2021-06-24

介绍

前段时间正好在做一个项目的过程中需要使用mmclassification训练自己的数据集,顺便整理了一下流程供大家参考。本文章默认大家已经安装好mmcv的所有环境。

本文环境

  1. cuda ->11.1
  2. torch ->1.9.0
  3. python ->3.6
  4. mmcv-full ->1.3.0
  5. mmcls ->0.12.0

准备数据集

  1. 将图片划分为训练集,验证集,测试集。文件目录结构如下:
    目录树结构
  2. 生成TXT标签
import pathlib
import random

path='/home/sychen/mmclassification/lp_data/val'

data_path = pathlib.Path(path)
all_images_path = list(data_path.glob('*/*'))
all_images_path = [str(path) for path in all_images_path]  # 所有图片路径名存入列表
random.shuffle(all_images_path)  # 打散

print(len(all_images_path))
print(all_images_path[:5])  # 打印前五个

# 开始制作标签
label_names = sorted(item.name for item in data_path.glob('*/') if item.is_dir())
print(label_names)  # 打印类别名  注:下一步是制作与类别名对应的标签
label_to_index = dict((name, index) for index, name in enumerate(label_names))

all_image_labels = [label_to_index[pathlib.Path(path).parent.name] for path in all_images_path]

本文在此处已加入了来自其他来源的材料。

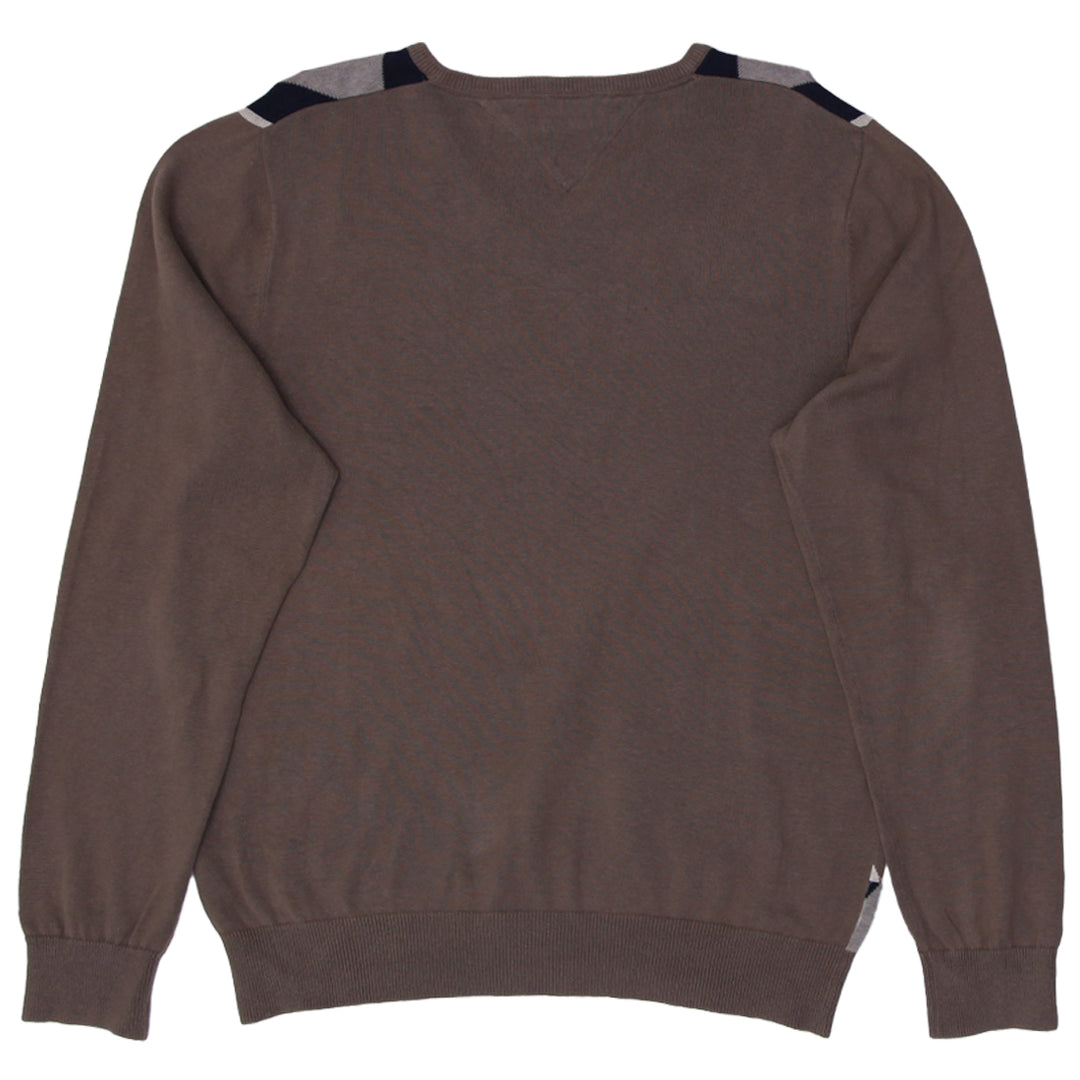 Mens Tommy Hilfiger V-Neck Long Sleeve Sweater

for image, label in zip(all_images_path[:5], all_image_labels[:5]):
   print(image, '-----', label)

filename='/home/sychen/mmclassification/lp_data/val.txt'     # ***这里也要记得改***
with open(filename,'w') as f:
   for image,label in zip(all_images_path,all_image_labels):
       image=image.split("/")[-2]+"/"+image.split("/")[-1]
       f.write(image+" "+str(label)+"\n")
print("\nAll images and labels have been written in the txt!\n")

生成后的结果
label

修改mmclassification代码

mmcls/datasets目录下新建py文件(名字自取)

import os
import numpy as np
from .base_dataset import BaseDataset
from .builder import DATASETS

def has_file_allowed_extension(filename, extensions):
    filename_lower = filename.lower()
    return any(filename_lower.endswith(ext) for ext in extensions)
def find_folders(root):
    folders = [
        d for d in os.listdir(root) if os.path.isdir(os.path.join(root, d))
    ]
    folders.sort()
    folder_to_idx = {folders[i]: i for i in range(len(folders))}
    return folder_to_idx
def get_samples(root, folder_to_idx, extensions):
    samples = []
    root = os.path.expanduser(root)
    for folder_name in sorted(os.listdir(root)):
        _dir = os.path.join(root, folder_name)
        if not os.path.isdir(_dir):
            continue
        for _, _, fns in sorted(os.walk(_dir)):
            for fn in sorted(fns):
                if has_file_allowed_extension(fn, extensions):
                    path = os.path.join(folder_name, fn)
                    item = (path, folder_to_idx[folder_name])
                    samples.append(item)
    return samples
@DATASETS.register_module()
#类名自取
class MyDataset(BaseDataset):
    IMG_EXTENSIONS = ('.jpg', '.jpeg', '.png', '.ppm', '.bmp', '.pgm', '.tif')
    CLASSES = ['0', '8', 'B', 'D']#修改点
    def load_annotations(self):
        if self.ann_file is None:
            folder_to_idx = find_folders(self.data_prefix)
            samples = get_samples(
                self.data_prefix,
                folder_to_idx,
                extensions=self.IMG_EXTENSIONS)
            if len(samples) == 0:
                raise (RuntimeError('Found 0 files in subfolders of: '
                                    f'{self.data_prefix}. '
                                    'Supported extensions are: '
                                    f'{",".join(self.IMG_EXTENSIONS)}'))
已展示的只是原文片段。